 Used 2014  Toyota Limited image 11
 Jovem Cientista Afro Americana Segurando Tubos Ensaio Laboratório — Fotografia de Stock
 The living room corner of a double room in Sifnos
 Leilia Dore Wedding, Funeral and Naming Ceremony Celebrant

...

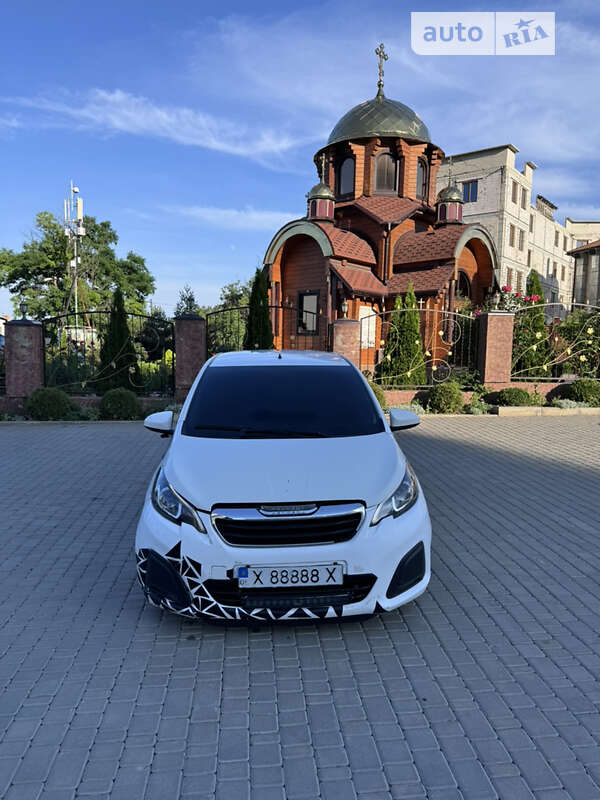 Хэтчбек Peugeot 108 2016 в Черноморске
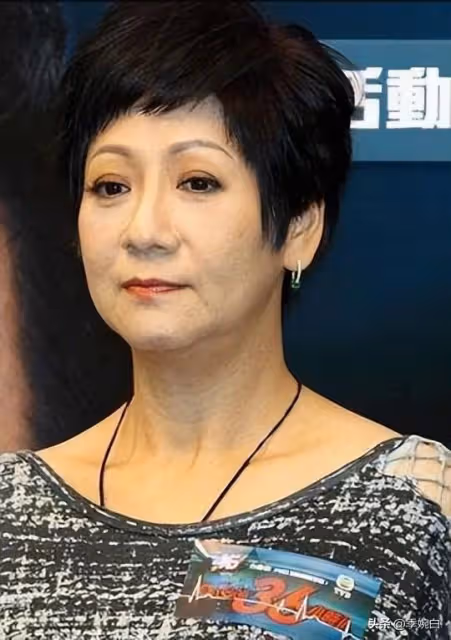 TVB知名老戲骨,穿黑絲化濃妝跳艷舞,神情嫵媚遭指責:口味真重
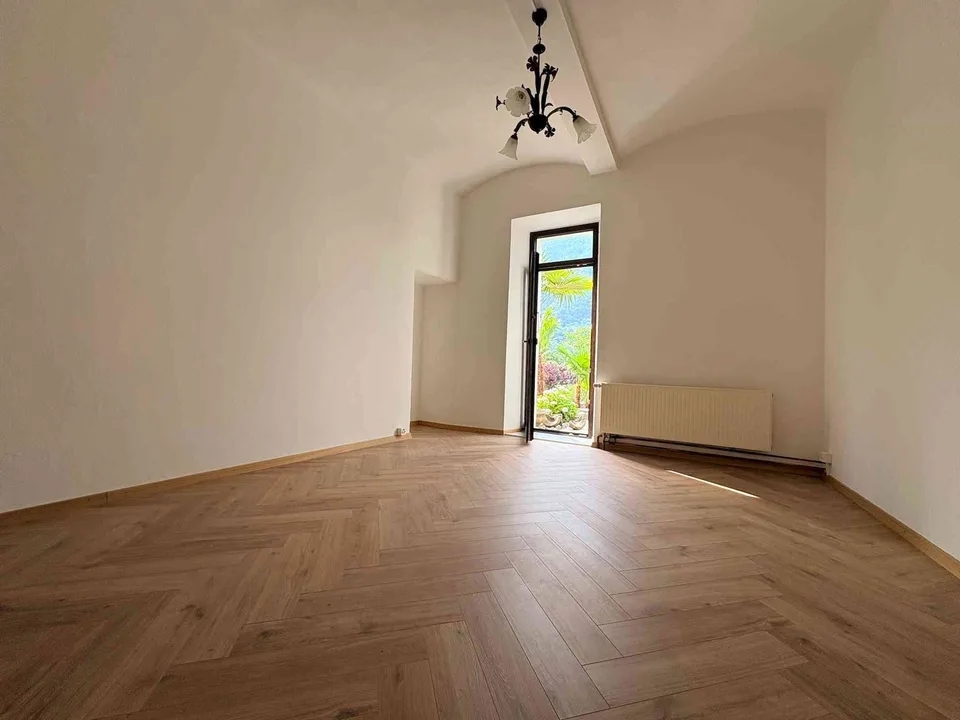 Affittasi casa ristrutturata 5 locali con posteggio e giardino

...

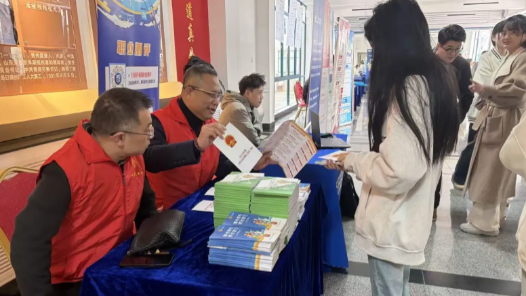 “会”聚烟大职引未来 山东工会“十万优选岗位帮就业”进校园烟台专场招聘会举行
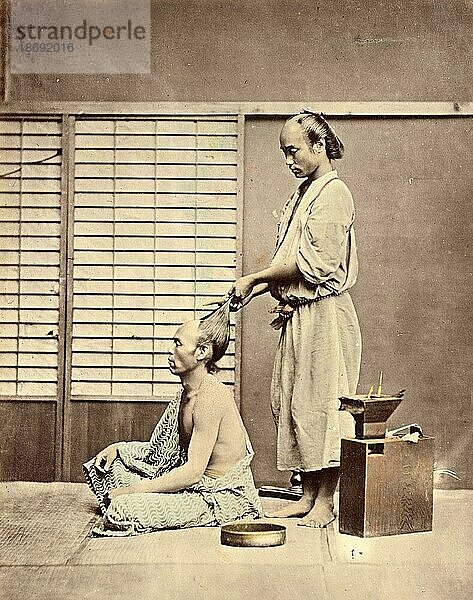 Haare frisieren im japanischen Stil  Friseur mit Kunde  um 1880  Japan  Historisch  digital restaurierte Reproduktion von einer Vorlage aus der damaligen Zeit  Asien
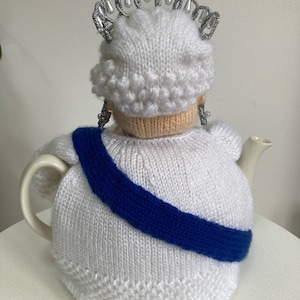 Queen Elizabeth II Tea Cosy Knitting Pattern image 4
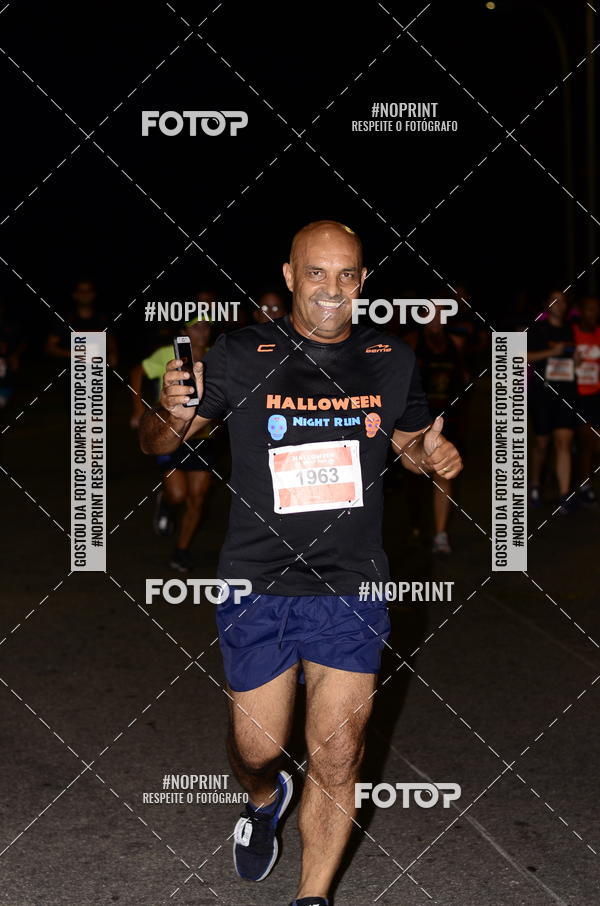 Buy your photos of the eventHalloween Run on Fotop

TASK DESCRIPTION:
Output should match, line for line, the stretch of the material above from the line holding "Limited image 11" through the line holding "Leilia Dore Wedding, Funeral".

COMPLETED EXERCISE:
 Used 2014  Toyota Limited image 11
 Jovem Cientista Afro Americana Segurando Tubos Ensaio Laboratório — Fotografia de Stock
 The living room corner of a double room in Sifnos
 Leilia Dore Wedding, Funeral and Naming Ceremony Celebrant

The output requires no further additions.